Elle appelle sa supérieure, qui me ressert le coup du "Mais vous n'avez pas de place ! Mais c'est impossible !" et patati et patata. En deux minutes, tout le personnel de la banque de prêt de la salle W est sur le pied de guerre ; les têtes chercheuses commencent à se lever des tables avec un air interrogatif : mais qu'est-ce qui vient troubler le silence béni de ces Lieux ? C'est là que mon estomac décide de me rappeler violemment que mon petit-dèj' est loin, en ayant la bonne idée de protester énergiquement : "Grôôôôôôôôôoôôôôôôô..." Tout le monde se fige un moment en fixant la Lina des bois, qui devient rouge comme une fraise... "Bon, finit par lancer la responsable, j'ai plus ou moins réussi à faire rentrer les choses dans l'ordre. Allez-y et si vous avez un problème au checking point, dites-leur de nous appeler."

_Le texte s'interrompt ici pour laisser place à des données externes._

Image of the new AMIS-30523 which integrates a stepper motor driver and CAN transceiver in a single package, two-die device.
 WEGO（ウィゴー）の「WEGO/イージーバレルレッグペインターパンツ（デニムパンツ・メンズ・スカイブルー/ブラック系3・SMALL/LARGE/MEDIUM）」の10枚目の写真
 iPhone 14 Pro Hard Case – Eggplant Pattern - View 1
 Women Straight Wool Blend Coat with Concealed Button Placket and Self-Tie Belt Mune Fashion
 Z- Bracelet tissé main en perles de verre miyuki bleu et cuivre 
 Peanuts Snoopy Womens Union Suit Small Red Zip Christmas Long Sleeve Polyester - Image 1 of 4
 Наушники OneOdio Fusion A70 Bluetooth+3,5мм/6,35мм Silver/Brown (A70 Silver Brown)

(ACAP Checking-point, photo par Jaroendy!! ; source : FlickR)


Cette fois-ci, le sentiment d'insécurité de la Lina en Milieu sauvage atteint des sommets. Elle sort de la salle, réussit à se perdre un très long moment avant de retrouver l'entrée de la cage d'escalier blockhaus. Elle s'avance, toute tremblante et en hypoglycémie complète, vers l'escalator et sa guitoune dotée d'un lecteur de carte. Biiiiiiiiip. "Sortie refusée : documents non rendus." Rebelote désespérée, dans l'espoir que, si j'y crois très fort, ça va peut-être marcher : biiiiiiip ; "Sortie refusée ; documents non rendus." L'agent de sécurité s'approche : "Mademoiselle ?" La Lina traquée et affamée se précipite vers la gentille dame au guichet juste à côté : "S'il vous plaît... Je sors de la salle W... J'ai rendu mes livres, mais il y a eu un problème informatique et ils m'ont dit de vous dire de leur téléphoner si je ne pouvais pas passer... ( Mallette transparente exhibée bien haut ) Vous voyez, je n'ai plus rien du tout..." Regard incrédule de la madame ; regard ferme du vigile. Coup de téléphone. Tentative informatisée de comprendre comment on a pu En Arriver Là. Et Bibi qui crie très fort dans sa tête : "Mais bordel, allez-y, fouillez-moi !!!! Je suis même d'accord pour me mettre à poil s'il le faut, mais laissez-moi sortir !!!! Il faut que je mange, tonnerre de Brest !!!!" Je me suis finalement contentée d'un regard de Bambie larmoyant. La madame finit par soupirer : "Bon, allez-y, j'ai tout remis à zéro. Bernard, faites-la passer sur le côté." Merci, merci, merci, ma brave dame !!!! Vous occuperez à jamais une place de choix dans mes prières estudiantines !!!!

Quand je suis enfin rentrée chez moi, il était 16h, j'étais tremblante, je commençais à avoir des sueurs profuses et je me suis jetée sur un reste de courgettes froides aux lardons et à la sauce tomate, qui m'ont paru ab-so-lu-ment divines. Même pas pris le temps de les passer au micro-onde.

Vous comprenez pourquoi je ne risque pas d'aller à la BNF pour le plaisir, maintenant ?

2 commentaires:

  1. Bonjour,
    J'ai trouvé cet article très très amusant, moi-même devant me rendre à la BNF d'ici quelques mois pour y trouver des perles rares je me sens désormais prévenue !
    Merci encore pour votre site très instructif !
    Sandra

    RépondreSupprimer
  2. Salut,
    c'est superinteressant, j'ai vecu la même chose! Juste, une fois entré, ils ne font plus gaffe. Comme je ne vis pas à Paris, j'ai profité et copier 30 livres! Espérons que le vieux grecs ne me demandent pas les droits d'auteur!